### Prompt
Pictures must not appear in the copy. Restate exactly the lines below from the one with "A couple of" through the one with "The next video", inclusive.

[Exercise inputs]

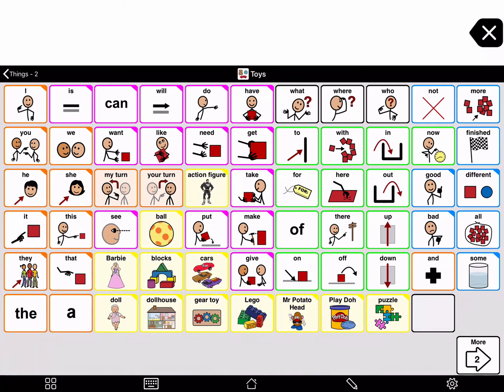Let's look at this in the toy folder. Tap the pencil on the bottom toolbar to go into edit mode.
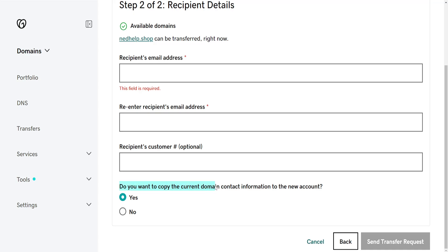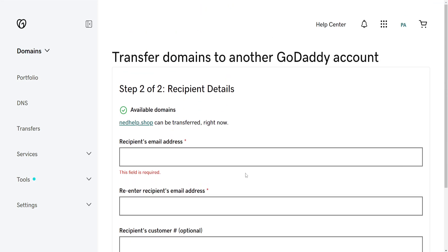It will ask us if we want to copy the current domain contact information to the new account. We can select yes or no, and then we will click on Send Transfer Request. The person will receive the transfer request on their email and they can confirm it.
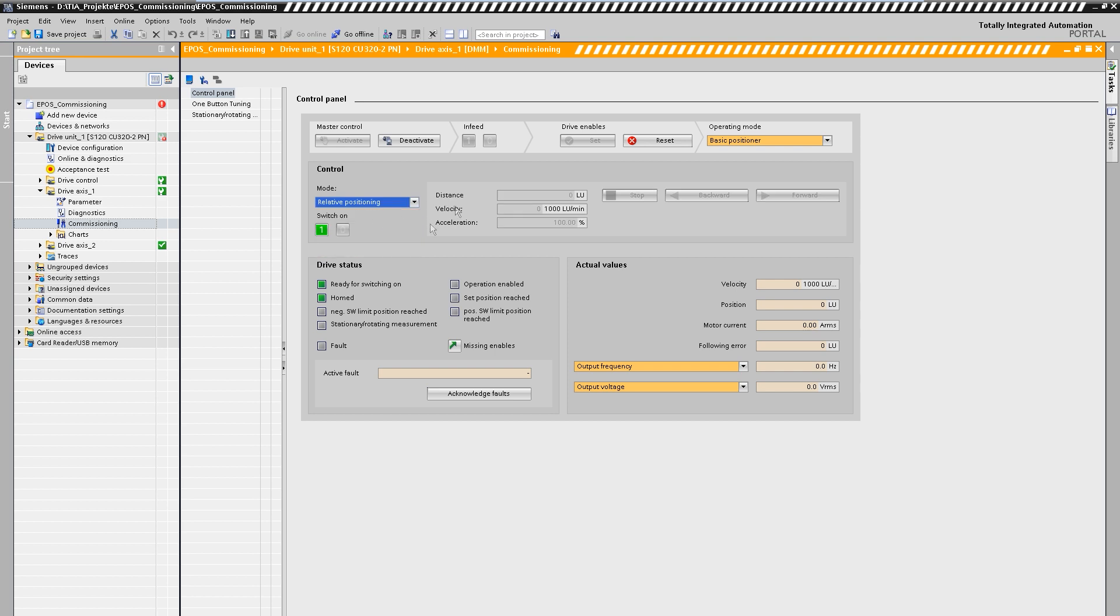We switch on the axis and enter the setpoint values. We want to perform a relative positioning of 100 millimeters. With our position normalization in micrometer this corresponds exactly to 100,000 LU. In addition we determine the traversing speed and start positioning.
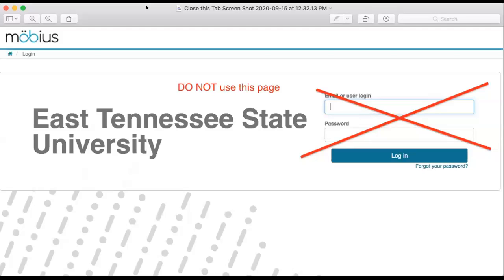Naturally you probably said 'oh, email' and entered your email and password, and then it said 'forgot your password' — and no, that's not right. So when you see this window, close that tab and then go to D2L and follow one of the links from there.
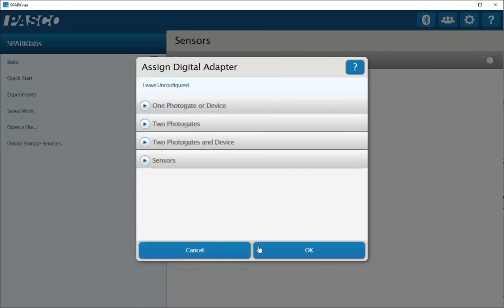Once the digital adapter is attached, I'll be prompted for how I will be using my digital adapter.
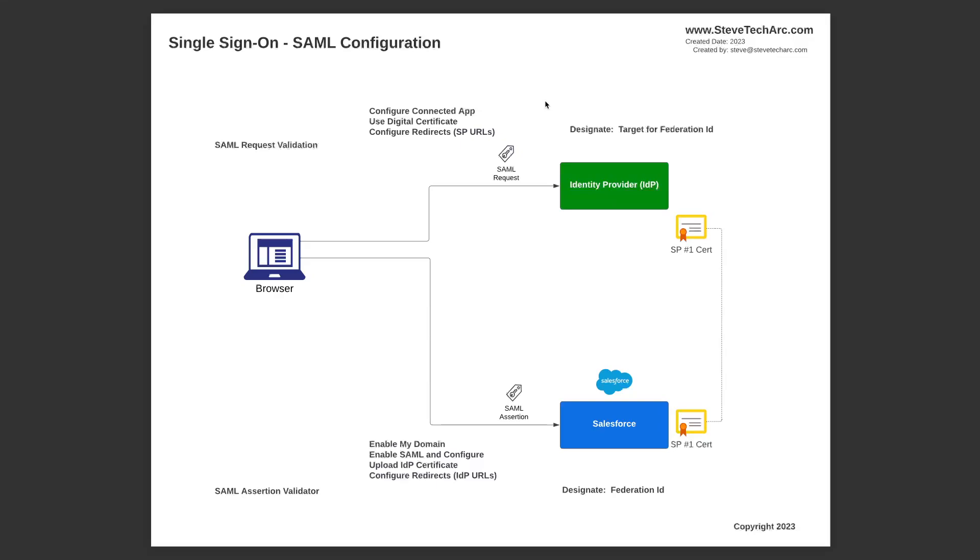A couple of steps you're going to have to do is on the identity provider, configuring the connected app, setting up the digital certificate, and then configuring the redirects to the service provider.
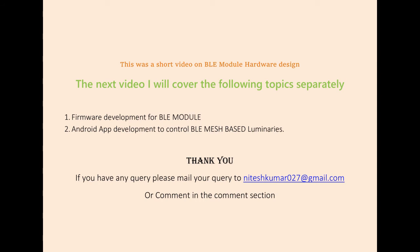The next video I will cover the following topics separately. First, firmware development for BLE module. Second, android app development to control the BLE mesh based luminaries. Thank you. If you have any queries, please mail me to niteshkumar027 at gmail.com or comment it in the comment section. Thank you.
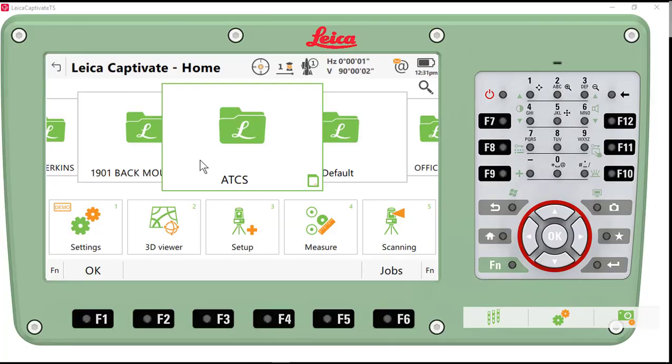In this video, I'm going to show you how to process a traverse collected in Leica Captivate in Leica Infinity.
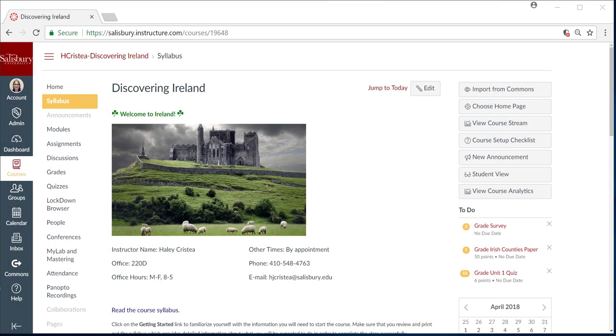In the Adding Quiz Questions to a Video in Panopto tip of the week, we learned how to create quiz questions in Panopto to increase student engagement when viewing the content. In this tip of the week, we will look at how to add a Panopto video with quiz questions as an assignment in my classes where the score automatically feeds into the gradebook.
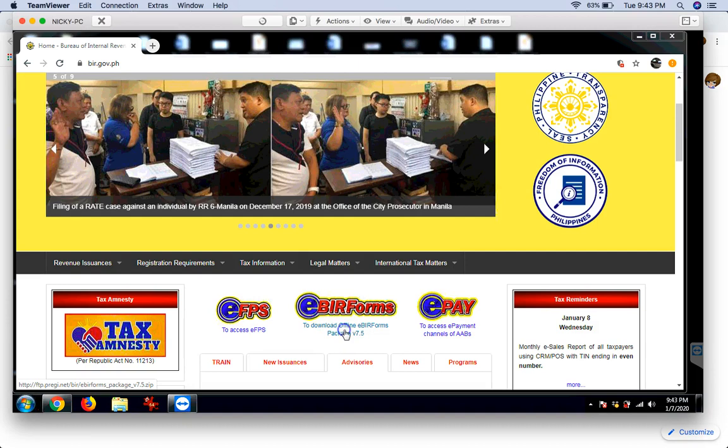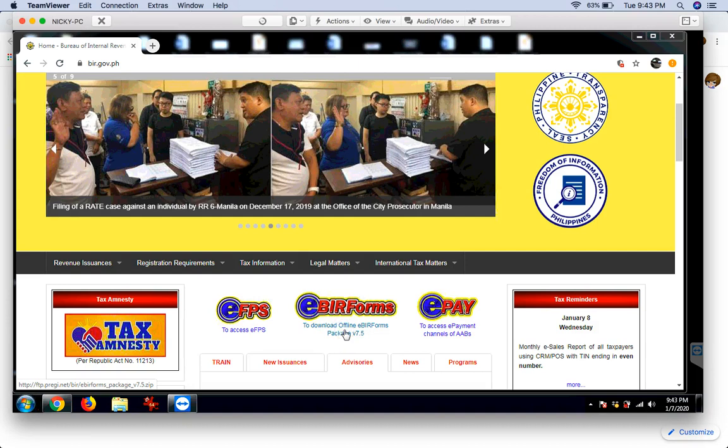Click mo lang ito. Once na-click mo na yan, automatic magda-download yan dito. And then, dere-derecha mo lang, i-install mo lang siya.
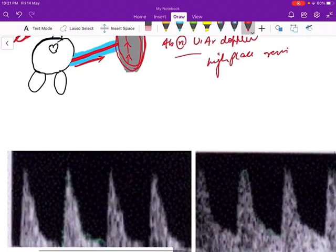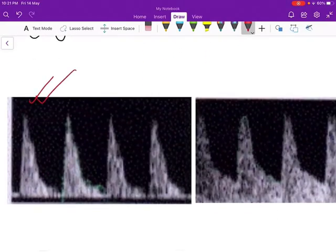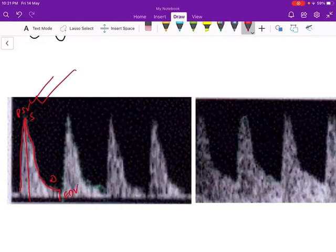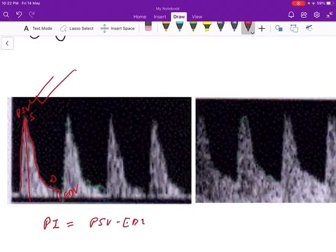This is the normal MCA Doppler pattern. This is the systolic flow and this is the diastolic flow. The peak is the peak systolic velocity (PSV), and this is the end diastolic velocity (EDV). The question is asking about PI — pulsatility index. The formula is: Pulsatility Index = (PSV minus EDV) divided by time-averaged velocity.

[/Exercise inputs]
[Exercise inputs]

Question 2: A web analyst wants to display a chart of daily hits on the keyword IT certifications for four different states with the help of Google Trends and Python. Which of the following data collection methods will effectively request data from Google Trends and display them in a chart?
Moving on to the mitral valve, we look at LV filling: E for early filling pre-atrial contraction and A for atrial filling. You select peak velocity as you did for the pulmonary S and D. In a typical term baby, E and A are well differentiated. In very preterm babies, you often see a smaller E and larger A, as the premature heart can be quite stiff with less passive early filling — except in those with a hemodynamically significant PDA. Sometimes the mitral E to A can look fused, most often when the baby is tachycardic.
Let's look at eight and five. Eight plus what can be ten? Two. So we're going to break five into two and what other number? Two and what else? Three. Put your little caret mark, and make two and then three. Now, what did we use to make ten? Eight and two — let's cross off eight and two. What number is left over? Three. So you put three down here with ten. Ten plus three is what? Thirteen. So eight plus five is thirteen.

[/Exercise inputs]

### Exercise output
A couple of steps you're going to have to do is on the identity provider, configuring the connected app, setting up the digital certificate, and then configuring the redirects to the service provider.
The next video I will cover the following topics separately. First, firmware development for BLE module. Second, android app development to control the BLE mesh based luminaries. Thank you. If you have any queries, please mail me to niteshkumar027 at gmail.com or comment it in the comment section. Thank you.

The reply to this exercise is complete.